How to preallocate and reuse buffers for oft-repeated computation?

In How to optimise Julia code: A practical guide, Jakob Nissen suggests that one way to optimize code + reduce allocations is to

  • Preallocate buffers once and reuse them multiple times

I’m wondering if someone has a walkthrough of an actual example comparing a “repeatedly allocate” solution to a “preallocate buffers and reuse” solution. I think I understand the idea, but I’m wondering how to follow the advice in practice.

For example, I have a calculation like the following:

struct ResultData
    value::Float64
    result_type::Bool
end

function calculate_and_use(x, y, z)
    if y > z
        temp = ResultData(y + z, true)
    else
        temp = ResultData(y * z, false)
    end
    if temp.result_type
        x + z
    else
        x - z
    end
end

Please ignore the implementation details—calculate_and_use is any involved calculation that involves an allocation of an object, here played by ResultData, which has some overhead.

Let’s say calculate_and_use has to be called millions of times by some function, so each time there’s an allocation of a ResultData object which is then thrown away and, voila, re-allocated a split second later. (Not that this seems to matter, but ResultData could actually be a fixed-length Vector{ResultData} or similar, but in any case: it’s created, used, and then thrown away.)

What would be the analogue of pre-allocating a buffer in this context? Would I have some global buf = ResultData(0.0,false) that just gets overwritten? (But this violates “Use immutable structs over mutable struct when mutation is not needed,” as well as violating the dictum not to use globals.)

If not, then what is the right way to follow the preallocation advice in this context?

Or have I misunderstood the preallocation advice…and it is only applicable in other contexts?

Any suggestions appreciated; thank you!

struct objects are not generally allocated on the heap, so you don’t need to worry about them. See the manual section on tracking allocations:

[…] heap allocations […] are typically needed for either mutable objects or for creating/growing variable-sized containers (such as Array or Dict, strings, or “type-unstable” objects whose type is only known at runtime). Allocating (or deallocating) such blocks of memory may require an expensive system call (e.g. via malloc in C), and they must be tracked for garbage collection.
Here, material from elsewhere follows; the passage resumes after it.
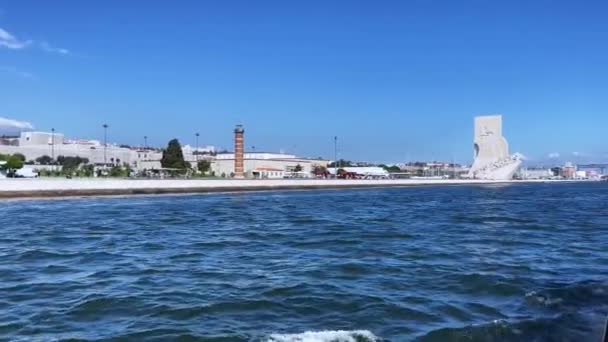 リスボンの発見の記念碑の上のフェリーボートからの眺め — ストック動画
In contrast, immutable values like numbers (except bignums), tuples, and immutable structs can be stored much more cheaply, e.g. in stack or CPU-register memory, so one doesn’t typically worry about the performance cost of “allocating” them.

2 Likes

Fair enough and thanks; that’s interesting!

Alas I was being lazy and the reality is that several of the many, many objects I’m repeatedly allocating are Dicts and others are Arrays.

I apologize that I think I oversimplified in my efforts to make the MWE M enough to be legible, but I think I still have the question notwithstanding that helpful background on struct allocation.

Hard to say more without a specific example, but the generic advice is (a) avoid allocating temporary arrays (or other mutable data structures) at all in your inner loops (work in place, use tuples and staticarrays, ditch “vectorize everything” habits from Matlab and Numpy, …), and otherwise write in-place functions that act on a re-usable buffer array (passed as an argument, not as a global).

3 Likes

This is great advice.

I think my question could alternately be phrased as “what does work in place mean”? Like is there an example / blog post / similar somewhere that can show the “in-place” version side-by-side with the “not-in-place” version?

For example above, if we pretend temp is a mutable data structure/temporary array that’s not supposed to be used at all in an inner loop, what would the “in-place” alternative to temp be?

I definitely believe that doing things in-place would be better, but I’m trying to understand what that actually means concretely: swap values in a global object that holds the values, or create the placeholder outside the function and pass it as an argument, or…?

Please let me know if that makes sense.

There’s actually a Wikipedia page on the topic:

Keep in mind that only hot loops need to be optimized. Keep a profiler handy.

@stevengj @nsajko thanks both for the links. I do understand how to mutate an object passed as an argument.

I’m trying to ask about the paradigm. Is the ideal paradigm to generate the object to serve as the placeholder/buffer at the global level? One function-call up? Different advice for different situations? etc.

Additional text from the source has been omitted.